Oui, nous en proposons beaucoup avec toujours pour principe incontournable le service rendu sans intrusion dans la vie privée des gens. Dans le contexte actuel, il est nécessaire de répéter que les outils de la ville intelligente, les objets connectés, les infrastructures peuvent être utilisés de façon vertueuse pour rendre des services vraiment utiles. Contrairement à ce qu’il se fait dans certains pays où les caméras opèrent de manière intrusive à des fins de contrôle de la population, nous proposons à nos clients des solutions simples d’emploi et respectueuses des citoyens.

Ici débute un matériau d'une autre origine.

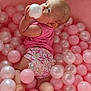 baby, infant, pink, ball_pit, plastic_balls, child, diaper, sleeveless_top, cute, playtime, indoor, skin, feet, hand, face, looking_up, soft_lighting, floor, curious, childhood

Il est par exemple possible de recourir à des caméras placées aux entrées des parcs et jardins comme un moyen de comptage et d’indication de la fréquentation en temps réel. Les personnes désireuses de profiter de ces espaces verts peuvent ainsi s’autoréguler avec des indications aux entrées. Si la fréquentation est trop forte, alors les nouveaux venus sont appelés à attendre ou rebrousser chemin. Il s’agit d’une technologie utile au service de la sécurité.
Les caméras thermiques peuvent aussi informer les citoyens de leur température afin de les alerter et les encourager à éviter tout contact en cas de doute. Les données restent strictement personnelles sans besoin d’être partagées. Nous travaillons également avec l’un de nos clients sur la problématique des pistes cyclables. Nous pouvons mesurer le taux d’utilisation de ces pistes et procéder à des aménagements lorsque cela est nécessaire.

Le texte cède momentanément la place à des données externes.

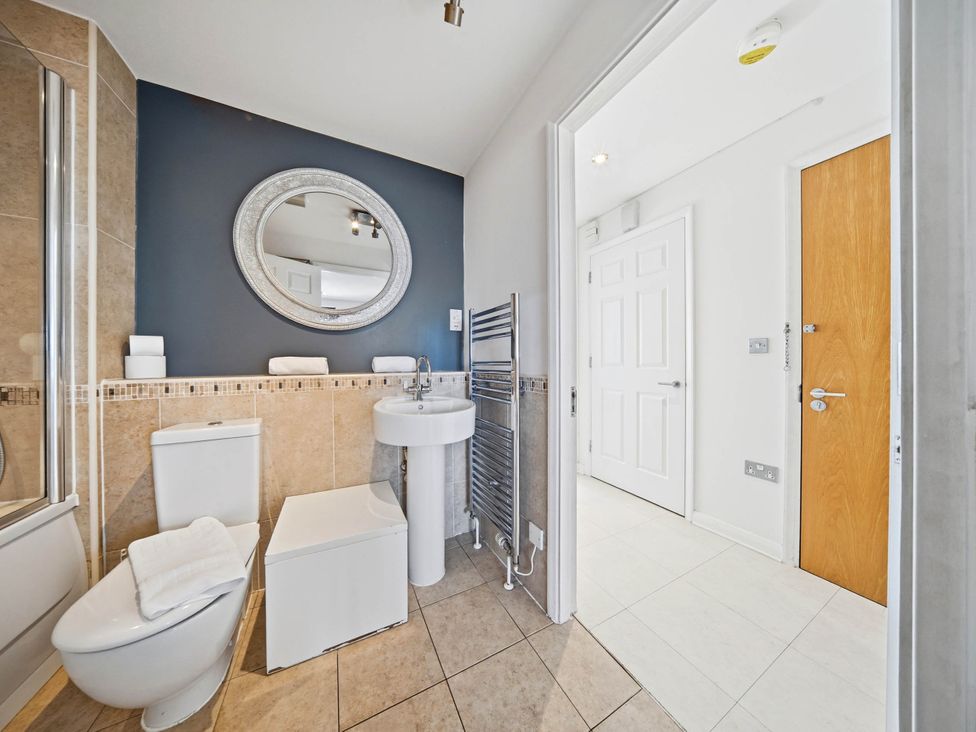 A bathroom with toilet, sink, shower, and towel radiator at 63 Vista Heights in Solihull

Je crois beaucoup en la capacité de la technologie à traiter et exploiter les informations localement (edge computing) et faire appel à l’autorégulation citoyenne. Je prendrais comme dernier exemple, la ville espagnole de Sant Cugat où Citelum a mis en place des luminaires qui clignotent dès lors que le niveau de bruit est trop important. Les habitants et les patrons des cafés, qui sont informés du dispositif, font preuve de civisme. Ils savent aussi que c’est une façon d’éviter des mesures plus contraignantes, comme une fermeture. Nous sommes bien dans un usage respectueux et vertueux des technologies.

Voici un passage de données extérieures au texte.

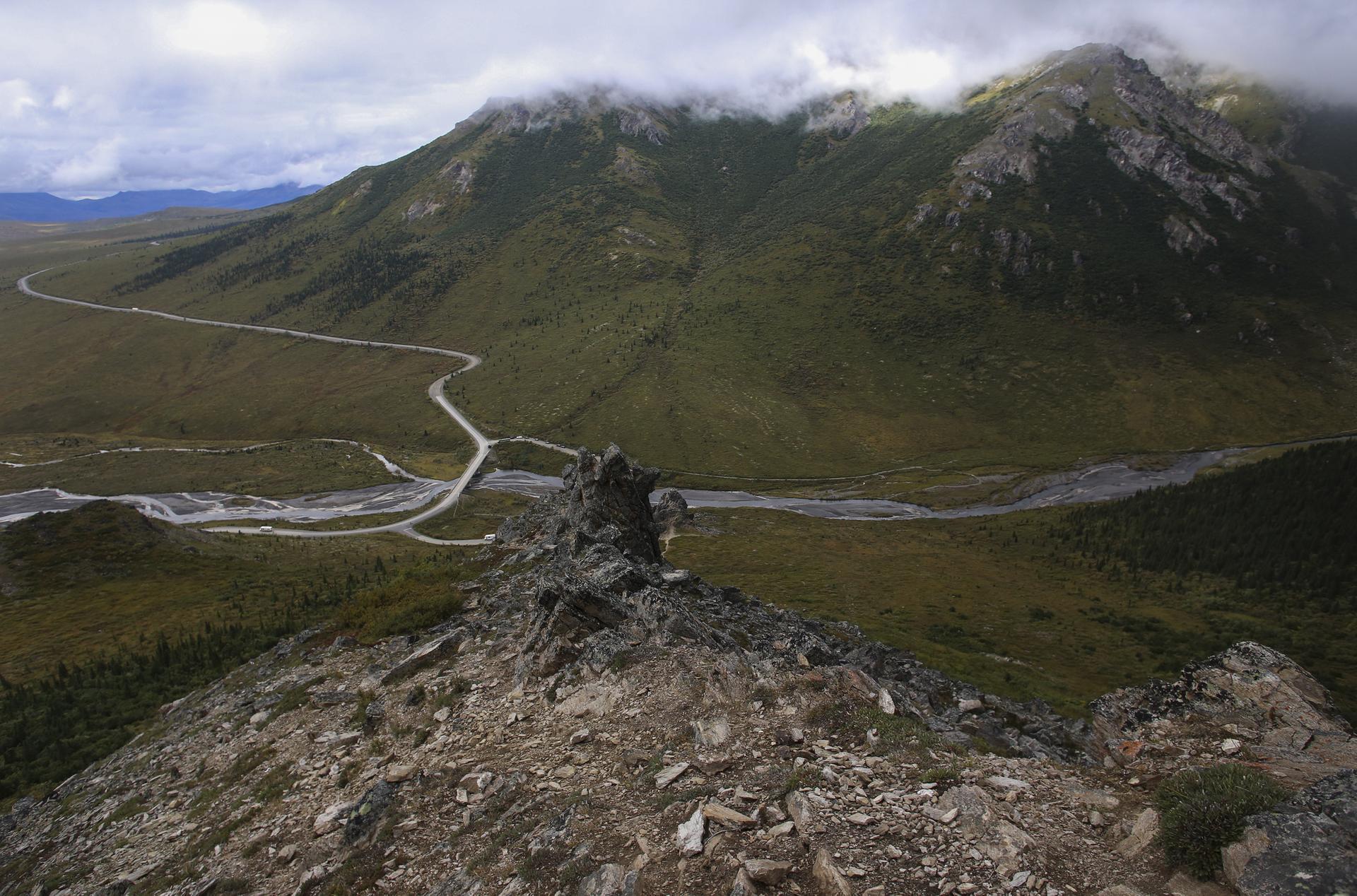 Rocky peak overlooking a valley with a winding road and river.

La crise sanitaire va-t-elle induire des changements importants ?
J’espère qu’il va y avoir une prise de conscience à plusieurs niveaux. Premièrement, au niveau environnemental avec l’émergence d’un plus grand nombre de projets responsables. Les possibilités sont multiples avec les économies d’énergie, les mobilités douces ou encore électriques. Il faut répondre à l’impératif de développer des projets vraiment durables.
Deuxièmement, il existe un volet technologique d’ampleur avec beaucoup de solutions utiles. Je me réjouis des retours très positifs de François Rebsamen et de son équipe à propos du projet OnDijon. Un projet que la Métropole a pensé pour les habitants et dont les fruits sont bien visibles.
Enfin, il est primordial de remettre l’humain et le social au centre de l’équation. Il faut arriver à convaincre les citoyens de l’intérêt des dispositifs mis en œuvre. Pour cela, la concertation et le respect des attentes de chacun, notamment en termes de respect de la vie privée, sont incontournables. La crise que nous traversons peut changer les mœurs. A nous d’accompagner ces changements pour les rendre vertueux.